**Task goal:**
Without copying any picture, transcribe exactly the lines of the data below from the one containing "Casa com 3 quartos, piscina, churrasqueira" through the one containing "Image sur Mini-jupe bouclée en laine".

-------

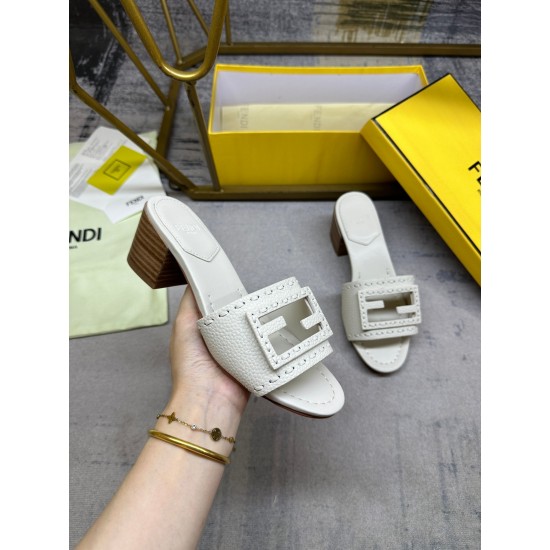Fendi slippers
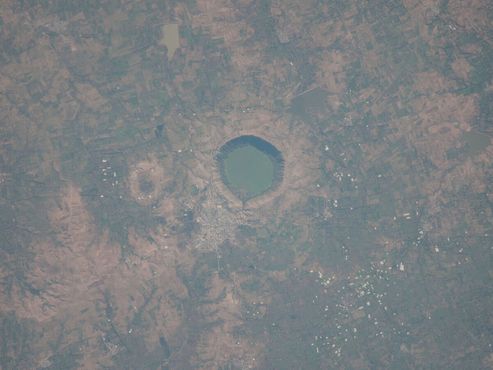 Озеро Лонар, вид из космоса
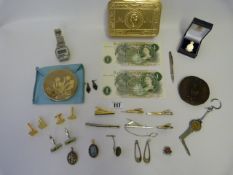 Tray of Collectable Items including £1 Notes - Costume Jewellery - Pen - Powder Compacts etc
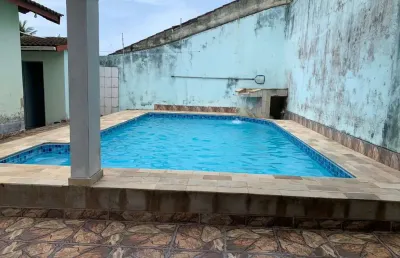 Casa com 3 quartos, piscina, churrasqueira e edícula em itanhaém.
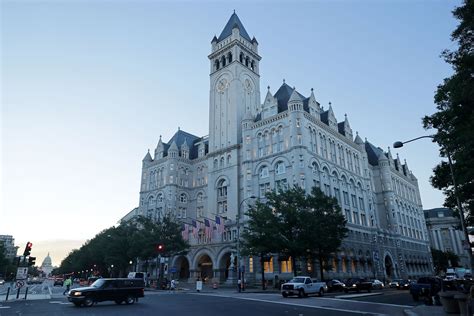 donald trump opens  hotel    mile   white house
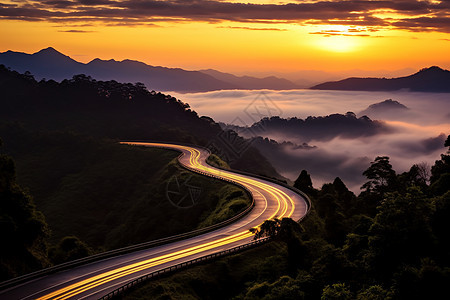 山脉中的道路图片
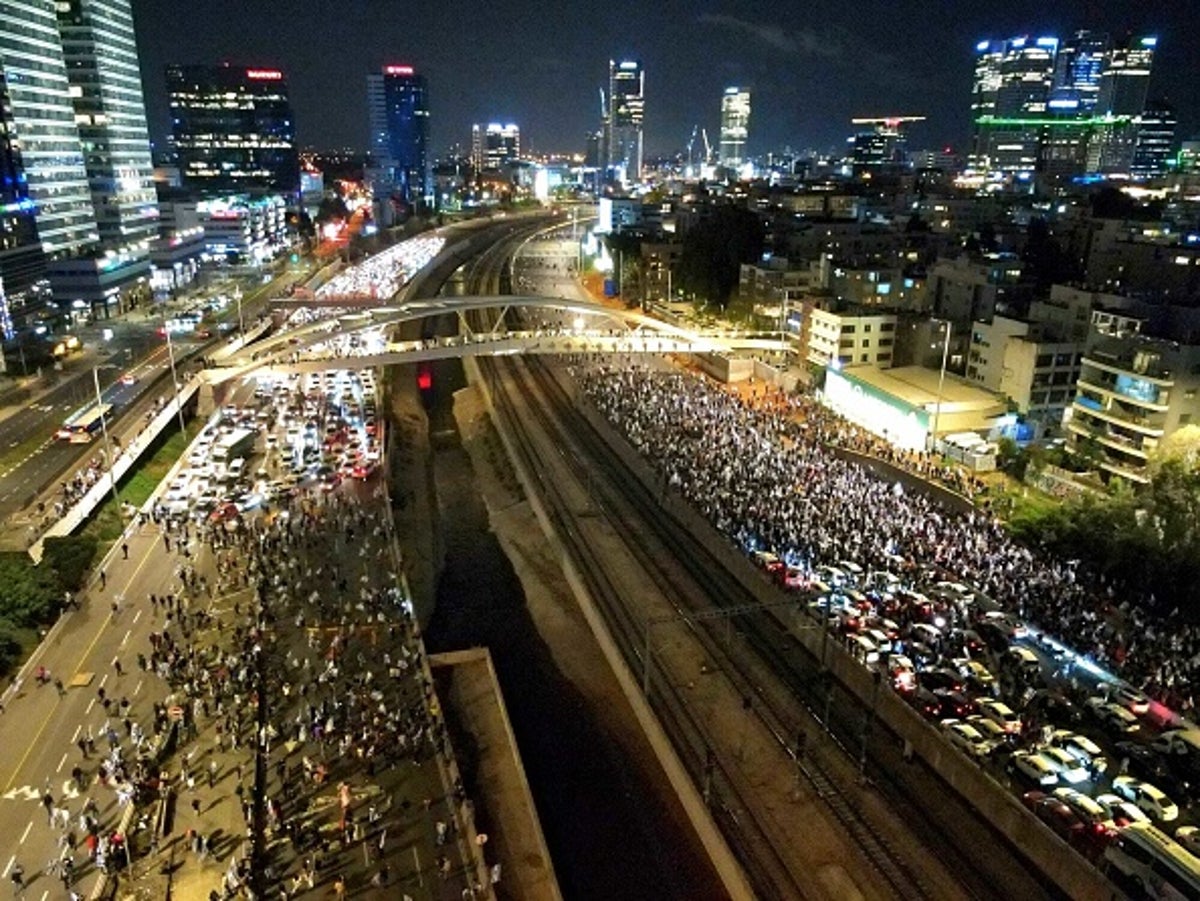 Thousands take to the streets in Israel after Netanyahu sacks defence minister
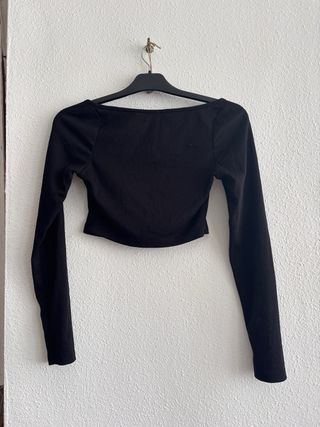 Top negro manga larga escote corazón Shein Talla S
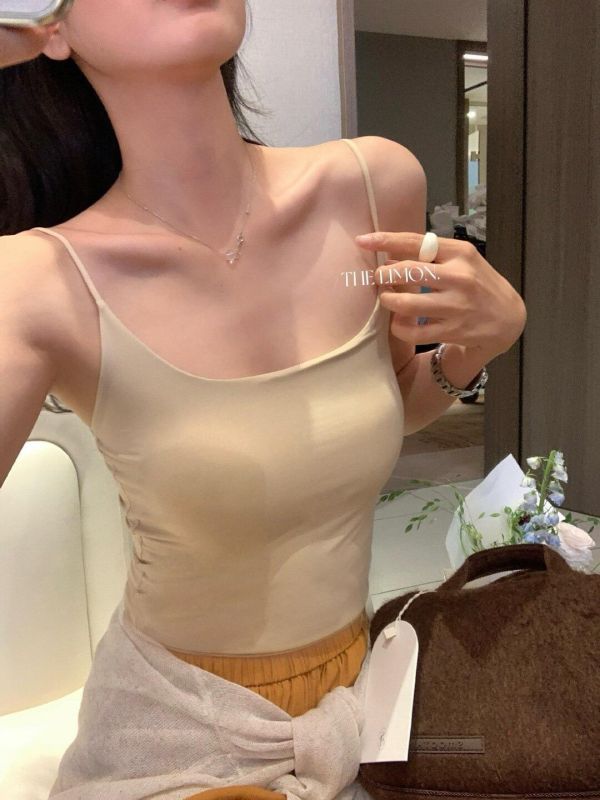 極簡風百搭修身一體罩杯打底背心-3色 極簡風百搭修身一體罩杯打底背心-3色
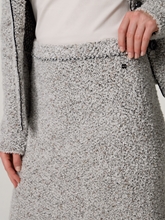 Image sur Mini-jupe bouclée en laine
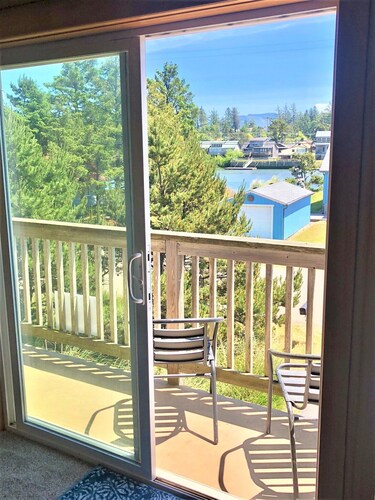 Tide and Timber Townhome 3 bedrooms & 1-1/2 blocks to White Sandy Beach Access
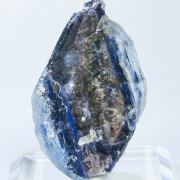 Fluorite (spinel twin) with Calcite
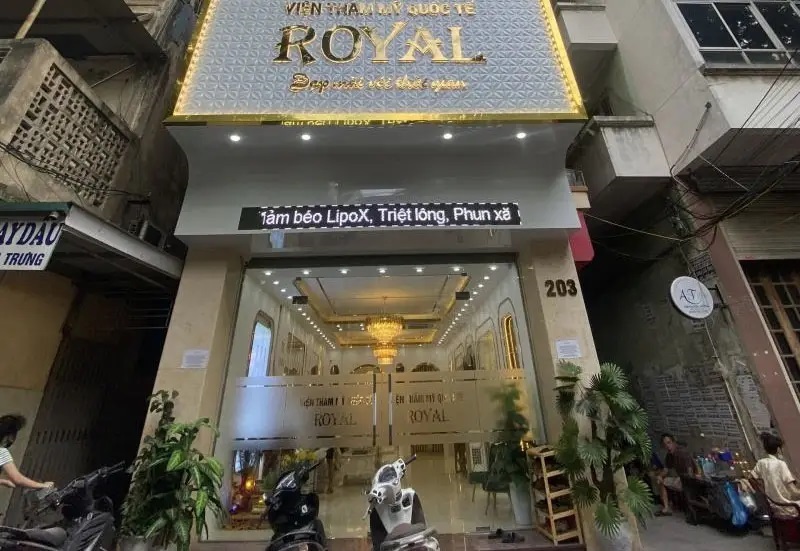 Liệu trình triệt lông tại Royal Spa được thực hiện an toàn theo chuẩn Y Khoa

-------

**Reply to the task:**
 Casa com 3 quartos, piscina, churrasqueira e edícula em itanhaém.
 donald trump opens  hotel    mile   white house
 山脉中的道路图片
 Thousands take to the streets in Israel after Netanyahu sacks defence minister
 Top negro manga larga escote corazón Shein Talla S
 極簡風百搭修身一體罩杯打底背心-3色 極簡風百搭修身一體罩杯打底背心-3色
 Image sur Mini-jupe bouclée en laine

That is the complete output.